Nigeria’s National Bureau of Statistics concluded a long process of evaluating historical data, leading the country to rebase figures on which annual economic growth data is based. Nigeria’s gross domestic product (GDP) figures had been based on extrapolations from figures nearly 25 years old. In other words, the figure was rooted in estimates based on figures that predated the rise of mobile phones, the Nigerian movie industry (Nollywood), the current era of globalization, and a host of other developments that have occurred in the last quarter century.
When the dust settled, Nigeria had officially transitioned from being a “low income” to being a “middle income” country, and the country’s gross domestic product grew to $510 billion.

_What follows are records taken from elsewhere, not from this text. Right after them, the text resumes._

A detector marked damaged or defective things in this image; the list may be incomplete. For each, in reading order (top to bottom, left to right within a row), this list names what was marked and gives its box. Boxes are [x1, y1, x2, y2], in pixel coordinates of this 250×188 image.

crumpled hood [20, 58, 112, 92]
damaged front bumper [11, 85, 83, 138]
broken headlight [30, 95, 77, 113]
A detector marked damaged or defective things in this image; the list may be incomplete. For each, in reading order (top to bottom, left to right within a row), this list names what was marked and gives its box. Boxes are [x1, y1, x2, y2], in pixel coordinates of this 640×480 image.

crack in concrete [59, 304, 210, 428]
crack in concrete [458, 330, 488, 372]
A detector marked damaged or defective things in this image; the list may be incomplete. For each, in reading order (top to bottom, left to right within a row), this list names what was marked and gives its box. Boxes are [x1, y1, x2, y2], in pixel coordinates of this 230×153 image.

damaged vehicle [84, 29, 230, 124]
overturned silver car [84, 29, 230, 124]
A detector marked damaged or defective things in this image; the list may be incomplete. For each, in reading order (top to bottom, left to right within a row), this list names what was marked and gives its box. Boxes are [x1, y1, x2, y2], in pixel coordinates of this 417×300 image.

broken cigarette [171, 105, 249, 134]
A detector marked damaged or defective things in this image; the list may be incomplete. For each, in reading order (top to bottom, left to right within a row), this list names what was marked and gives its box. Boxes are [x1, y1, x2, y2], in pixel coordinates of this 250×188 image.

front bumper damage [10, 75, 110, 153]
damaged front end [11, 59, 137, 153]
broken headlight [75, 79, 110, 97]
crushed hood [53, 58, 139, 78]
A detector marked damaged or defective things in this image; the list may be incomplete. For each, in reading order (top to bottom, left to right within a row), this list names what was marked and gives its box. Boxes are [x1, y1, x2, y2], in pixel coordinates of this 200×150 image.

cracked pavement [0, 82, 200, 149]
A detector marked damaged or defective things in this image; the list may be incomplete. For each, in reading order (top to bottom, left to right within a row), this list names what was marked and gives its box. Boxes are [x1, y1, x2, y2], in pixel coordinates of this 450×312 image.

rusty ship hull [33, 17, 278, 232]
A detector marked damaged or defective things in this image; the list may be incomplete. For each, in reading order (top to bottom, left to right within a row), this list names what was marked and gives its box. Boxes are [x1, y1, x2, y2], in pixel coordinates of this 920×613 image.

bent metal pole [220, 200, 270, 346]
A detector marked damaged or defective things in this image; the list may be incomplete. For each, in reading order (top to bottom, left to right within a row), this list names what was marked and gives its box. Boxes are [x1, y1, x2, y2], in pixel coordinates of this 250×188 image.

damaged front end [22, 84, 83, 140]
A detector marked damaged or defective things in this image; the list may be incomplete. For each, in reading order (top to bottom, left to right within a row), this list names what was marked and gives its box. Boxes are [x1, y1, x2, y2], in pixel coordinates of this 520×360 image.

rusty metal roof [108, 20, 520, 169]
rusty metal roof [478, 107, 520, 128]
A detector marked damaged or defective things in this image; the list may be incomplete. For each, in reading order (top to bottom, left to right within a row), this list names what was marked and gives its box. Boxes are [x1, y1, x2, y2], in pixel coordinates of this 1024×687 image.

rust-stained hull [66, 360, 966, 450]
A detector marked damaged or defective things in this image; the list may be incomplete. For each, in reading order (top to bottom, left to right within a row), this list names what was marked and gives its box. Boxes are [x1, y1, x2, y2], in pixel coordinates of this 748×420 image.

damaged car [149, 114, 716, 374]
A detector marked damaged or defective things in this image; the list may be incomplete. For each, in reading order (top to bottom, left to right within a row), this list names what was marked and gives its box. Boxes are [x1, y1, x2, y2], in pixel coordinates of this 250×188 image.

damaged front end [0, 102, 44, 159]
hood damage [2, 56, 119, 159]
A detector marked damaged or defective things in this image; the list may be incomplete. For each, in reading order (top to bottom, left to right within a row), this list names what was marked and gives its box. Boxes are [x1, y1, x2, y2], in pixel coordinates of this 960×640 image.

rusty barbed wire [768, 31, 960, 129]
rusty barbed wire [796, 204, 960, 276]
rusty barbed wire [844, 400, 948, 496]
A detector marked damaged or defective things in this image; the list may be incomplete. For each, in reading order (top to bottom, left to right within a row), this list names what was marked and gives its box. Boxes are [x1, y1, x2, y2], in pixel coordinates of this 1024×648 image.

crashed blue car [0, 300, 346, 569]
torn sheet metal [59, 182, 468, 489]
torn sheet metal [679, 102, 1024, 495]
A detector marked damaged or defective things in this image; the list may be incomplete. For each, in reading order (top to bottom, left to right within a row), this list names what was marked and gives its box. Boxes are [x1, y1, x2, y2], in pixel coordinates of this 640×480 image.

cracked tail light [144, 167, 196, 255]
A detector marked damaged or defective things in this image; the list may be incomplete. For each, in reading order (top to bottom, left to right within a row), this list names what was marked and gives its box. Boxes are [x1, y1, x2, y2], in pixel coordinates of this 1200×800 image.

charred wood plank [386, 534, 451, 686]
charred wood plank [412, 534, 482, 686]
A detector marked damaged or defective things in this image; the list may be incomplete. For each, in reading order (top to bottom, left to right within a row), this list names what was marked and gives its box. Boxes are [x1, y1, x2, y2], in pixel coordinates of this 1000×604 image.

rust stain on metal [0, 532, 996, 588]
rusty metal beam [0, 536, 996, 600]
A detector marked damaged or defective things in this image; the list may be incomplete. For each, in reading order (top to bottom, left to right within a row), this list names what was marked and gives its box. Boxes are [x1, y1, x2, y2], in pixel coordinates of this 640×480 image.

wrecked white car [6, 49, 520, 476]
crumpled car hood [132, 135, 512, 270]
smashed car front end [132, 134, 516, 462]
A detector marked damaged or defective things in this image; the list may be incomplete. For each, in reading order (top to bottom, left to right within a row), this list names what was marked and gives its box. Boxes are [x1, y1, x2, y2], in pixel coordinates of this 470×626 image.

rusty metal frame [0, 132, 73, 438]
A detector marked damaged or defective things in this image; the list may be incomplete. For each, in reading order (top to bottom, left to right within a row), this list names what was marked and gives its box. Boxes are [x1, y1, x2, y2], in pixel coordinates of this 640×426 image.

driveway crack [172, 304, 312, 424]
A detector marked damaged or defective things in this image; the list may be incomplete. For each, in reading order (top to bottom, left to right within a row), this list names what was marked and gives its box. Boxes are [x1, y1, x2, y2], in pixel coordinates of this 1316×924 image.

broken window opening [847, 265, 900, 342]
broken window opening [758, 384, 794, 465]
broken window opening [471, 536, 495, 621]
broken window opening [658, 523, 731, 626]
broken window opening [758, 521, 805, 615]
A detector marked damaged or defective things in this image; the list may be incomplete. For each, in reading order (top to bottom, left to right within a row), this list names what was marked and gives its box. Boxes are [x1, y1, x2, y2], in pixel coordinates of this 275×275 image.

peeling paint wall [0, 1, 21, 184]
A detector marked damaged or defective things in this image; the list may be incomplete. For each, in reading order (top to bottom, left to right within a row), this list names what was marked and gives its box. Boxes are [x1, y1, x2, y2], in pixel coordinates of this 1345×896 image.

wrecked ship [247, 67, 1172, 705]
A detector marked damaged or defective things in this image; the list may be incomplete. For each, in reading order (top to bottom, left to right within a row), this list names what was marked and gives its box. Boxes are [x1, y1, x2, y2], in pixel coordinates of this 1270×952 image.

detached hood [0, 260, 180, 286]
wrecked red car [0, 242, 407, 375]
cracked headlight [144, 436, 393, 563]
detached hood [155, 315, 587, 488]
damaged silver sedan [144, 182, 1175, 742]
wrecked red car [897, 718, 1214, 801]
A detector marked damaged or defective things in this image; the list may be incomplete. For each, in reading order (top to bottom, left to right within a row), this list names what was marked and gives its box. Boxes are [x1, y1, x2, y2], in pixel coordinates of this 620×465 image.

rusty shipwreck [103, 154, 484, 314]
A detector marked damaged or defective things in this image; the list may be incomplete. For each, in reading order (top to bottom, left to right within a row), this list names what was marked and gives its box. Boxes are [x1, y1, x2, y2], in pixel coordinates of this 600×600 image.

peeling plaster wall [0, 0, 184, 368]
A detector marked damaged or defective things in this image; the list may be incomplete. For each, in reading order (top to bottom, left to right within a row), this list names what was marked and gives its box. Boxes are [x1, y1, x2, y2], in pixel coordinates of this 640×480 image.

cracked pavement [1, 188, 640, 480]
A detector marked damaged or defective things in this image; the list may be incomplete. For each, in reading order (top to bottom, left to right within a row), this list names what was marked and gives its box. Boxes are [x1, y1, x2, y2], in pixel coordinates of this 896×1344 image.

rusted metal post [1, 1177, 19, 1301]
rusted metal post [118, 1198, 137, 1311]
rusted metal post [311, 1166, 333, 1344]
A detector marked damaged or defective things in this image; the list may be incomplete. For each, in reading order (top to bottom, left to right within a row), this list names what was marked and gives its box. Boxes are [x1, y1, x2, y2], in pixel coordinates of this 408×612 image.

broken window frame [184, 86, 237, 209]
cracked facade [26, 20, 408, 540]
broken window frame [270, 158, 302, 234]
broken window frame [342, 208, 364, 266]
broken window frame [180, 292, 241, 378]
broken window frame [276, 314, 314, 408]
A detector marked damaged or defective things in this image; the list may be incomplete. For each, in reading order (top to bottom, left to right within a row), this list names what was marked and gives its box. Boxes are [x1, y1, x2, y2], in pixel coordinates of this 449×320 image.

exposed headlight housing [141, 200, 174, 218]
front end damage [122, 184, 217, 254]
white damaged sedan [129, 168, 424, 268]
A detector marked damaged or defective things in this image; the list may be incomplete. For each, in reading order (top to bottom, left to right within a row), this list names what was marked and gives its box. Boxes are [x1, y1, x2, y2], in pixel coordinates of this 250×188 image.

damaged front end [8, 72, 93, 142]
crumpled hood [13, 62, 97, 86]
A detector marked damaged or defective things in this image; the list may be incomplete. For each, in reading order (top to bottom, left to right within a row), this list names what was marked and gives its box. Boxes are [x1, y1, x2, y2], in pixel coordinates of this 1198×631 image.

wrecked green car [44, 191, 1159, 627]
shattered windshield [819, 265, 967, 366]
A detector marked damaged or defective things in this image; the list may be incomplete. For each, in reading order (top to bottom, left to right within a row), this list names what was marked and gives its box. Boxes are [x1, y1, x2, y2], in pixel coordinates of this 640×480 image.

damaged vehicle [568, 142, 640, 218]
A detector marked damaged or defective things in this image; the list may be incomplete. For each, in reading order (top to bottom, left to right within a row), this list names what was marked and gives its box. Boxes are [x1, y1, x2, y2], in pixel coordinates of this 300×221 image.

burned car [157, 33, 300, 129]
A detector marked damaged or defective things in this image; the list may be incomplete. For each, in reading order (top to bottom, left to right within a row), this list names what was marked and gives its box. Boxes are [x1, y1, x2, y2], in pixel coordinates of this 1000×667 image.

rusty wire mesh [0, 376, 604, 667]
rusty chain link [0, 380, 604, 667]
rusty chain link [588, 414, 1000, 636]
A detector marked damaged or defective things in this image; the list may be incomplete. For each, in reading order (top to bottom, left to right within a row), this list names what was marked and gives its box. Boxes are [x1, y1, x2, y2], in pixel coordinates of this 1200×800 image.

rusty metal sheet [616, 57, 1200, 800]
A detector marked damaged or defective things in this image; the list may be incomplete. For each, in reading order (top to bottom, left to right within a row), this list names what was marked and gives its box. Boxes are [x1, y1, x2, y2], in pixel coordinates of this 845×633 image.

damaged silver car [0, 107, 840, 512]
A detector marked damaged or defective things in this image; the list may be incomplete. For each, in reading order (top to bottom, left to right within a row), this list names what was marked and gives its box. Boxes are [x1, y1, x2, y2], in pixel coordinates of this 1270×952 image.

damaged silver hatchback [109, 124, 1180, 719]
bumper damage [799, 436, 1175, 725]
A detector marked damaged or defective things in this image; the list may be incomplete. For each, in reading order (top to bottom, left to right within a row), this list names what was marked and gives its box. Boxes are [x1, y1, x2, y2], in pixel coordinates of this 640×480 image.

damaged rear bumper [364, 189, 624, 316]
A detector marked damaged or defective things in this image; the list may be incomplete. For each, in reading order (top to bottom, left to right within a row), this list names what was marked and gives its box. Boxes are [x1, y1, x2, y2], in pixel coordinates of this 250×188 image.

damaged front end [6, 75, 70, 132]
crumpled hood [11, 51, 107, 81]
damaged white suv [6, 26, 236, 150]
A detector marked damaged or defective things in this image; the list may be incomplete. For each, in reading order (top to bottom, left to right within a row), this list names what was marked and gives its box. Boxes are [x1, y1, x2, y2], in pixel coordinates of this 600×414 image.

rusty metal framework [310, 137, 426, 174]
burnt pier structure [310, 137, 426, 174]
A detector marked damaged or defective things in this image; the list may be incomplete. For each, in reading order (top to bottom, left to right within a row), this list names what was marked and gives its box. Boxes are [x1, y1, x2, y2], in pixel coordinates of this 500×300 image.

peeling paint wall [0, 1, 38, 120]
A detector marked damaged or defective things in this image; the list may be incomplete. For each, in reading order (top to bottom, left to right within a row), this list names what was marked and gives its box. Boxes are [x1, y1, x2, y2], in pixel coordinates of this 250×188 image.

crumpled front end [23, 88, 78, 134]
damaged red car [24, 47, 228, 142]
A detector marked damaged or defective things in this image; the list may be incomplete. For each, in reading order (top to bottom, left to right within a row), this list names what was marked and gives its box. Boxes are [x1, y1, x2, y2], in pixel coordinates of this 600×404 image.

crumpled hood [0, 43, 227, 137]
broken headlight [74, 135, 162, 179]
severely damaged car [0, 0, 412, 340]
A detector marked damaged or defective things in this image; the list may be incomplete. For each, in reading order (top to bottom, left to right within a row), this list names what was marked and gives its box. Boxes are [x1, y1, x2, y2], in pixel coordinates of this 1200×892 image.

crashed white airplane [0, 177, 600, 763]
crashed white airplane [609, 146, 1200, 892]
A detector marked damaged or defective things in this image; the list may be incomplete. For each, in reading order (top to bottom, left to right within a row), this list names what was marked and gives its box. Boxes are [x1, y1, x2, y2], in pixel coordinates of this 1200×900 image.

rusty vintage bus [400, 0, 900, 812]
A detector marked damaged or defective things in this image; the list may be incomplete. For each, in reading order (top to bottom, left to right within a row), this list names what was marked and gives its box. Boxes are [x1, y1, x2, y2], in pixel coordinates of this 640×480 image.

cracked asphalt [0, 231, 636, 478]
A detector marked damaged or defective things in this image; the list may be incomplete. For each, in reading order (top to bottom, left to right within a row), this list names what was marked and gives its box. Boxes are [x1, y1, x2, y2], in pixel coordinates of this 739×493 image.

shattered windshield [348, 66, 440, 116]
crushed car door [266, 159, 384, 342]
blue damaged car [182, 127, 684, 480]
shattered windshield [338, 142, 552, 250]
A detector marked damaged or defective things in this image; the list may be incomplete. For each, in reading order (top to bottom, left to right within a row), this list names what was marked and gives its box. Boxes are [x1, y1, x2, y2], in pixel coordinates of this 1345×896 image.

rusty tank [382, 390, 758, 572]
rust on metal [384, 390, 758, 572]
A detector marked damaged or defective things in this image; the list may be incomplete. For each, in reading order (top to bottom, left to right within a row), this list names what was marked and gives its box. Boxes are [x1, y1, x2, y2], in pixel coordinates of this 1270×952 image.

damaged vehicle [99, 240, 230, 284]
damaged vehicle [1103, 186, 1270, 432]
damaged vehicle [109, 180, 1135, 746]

But there’s an interesting shell game going on here as well. While the new figures undoubtedly present a more accurate picture of Nigeria’s economy, nothing changed for Nigerians when the economy was rebased. The country still faced the same problems. Millions of people still lacked access to basic services. And the country’s per capita GDP still remained very low. Yet in rebasing their GDP, Nigeria’s leaders can present a more positive picture and can claim the title of Africa’s largest economy…at least on paper.